I am running Audacity 3.0.3 on Windows 10. I am using iTunes to create an audio CD from a playlist which iTunes is listing as 22 songs, 1 hour and 19 minutes. Supposedly the CD will hold 80 minutes. When I try to burn it, I get a message there is not enough room on the disk. I had used Audacity many years ago on an XP I had to delete “quiet points” at the end of songs in order to squeeze more music onto the CD. It worked like a charm so I decided to take the same approach now.
However, when I pulled up a song and deleted 3 seconds off the end, the time of the song went from 4:11 to 4:08 as expected BUT the size of the file went from 3,964 KB to 4,768 KB. Is there something I need to do that I missed? Is there some setting I need to set in Audacity to get it to create a smaller file? Any help would be appreciated. Thanks.
I’m not sure 80 minutes is an exact number and you’re probably getting “too close”. Originally, the CD spec was 74 minutes (and I’m not sure how exact that was either).
BUT the size of the file went from 3,964 KB to 4,768 KB.

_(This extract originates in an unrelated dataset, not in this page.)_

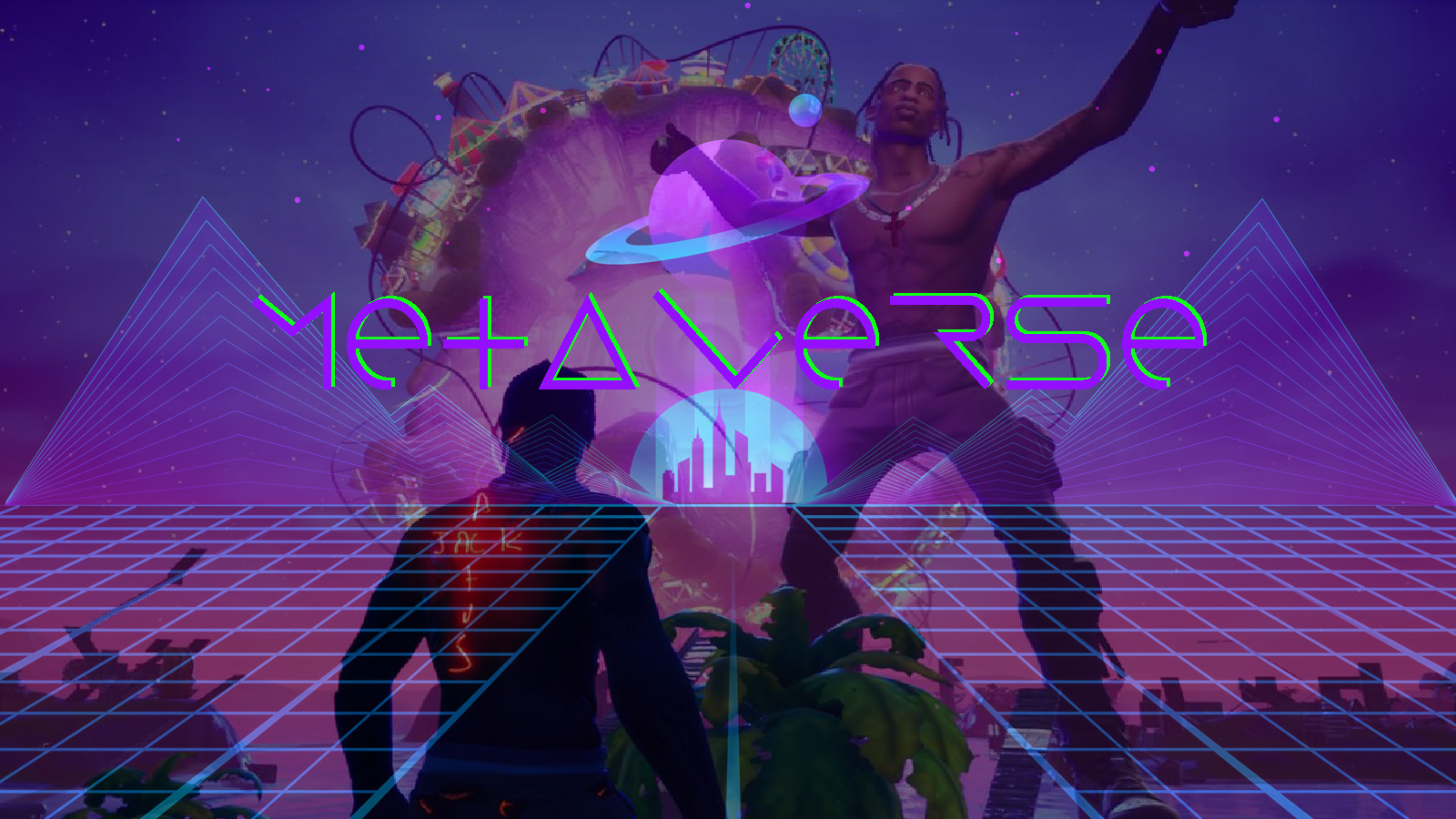 图片展示了一个虚拟现实场景，有一个人物站立在前景，背景是紫色调的天空，上方有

That’s the compressed size so it depends on the bitrate (related to the amount of compression). And audio files often contain metadata (embedded artist/album/song info) but that’s not significant unless you have embedded artwork which can be significant. It’s not important because when you make an audio CD iTunes is decompressing the audio.
Audio CDs are uncompressed at 16-bits, 44,100 samples per second and 2-channel stereo. There are 8-bits in a byte so that’s 2 x 44.1 x 2 = 176.4K bytes per second or 10.584MB per minute. There is some overhead so that’s not exact either.
Thanks for the reply but quite frankly it’s over my head. Perhaps I should have understood it, but from a simplistic point of view, I had an audio file (.mp3) that I opened in Audacity, I decreased the time of the song by deleting 3 seconds from the end, then the saved file would up larger than the original. If your reply explained why that happened, I have to admit I didn’t get it.
So let me pose my question another way - If I removed 3 seconds of play time from all 22 of my files, would that shorten the playable aspect of my files by a little over a minute, regardless of the KB size of the new audio files?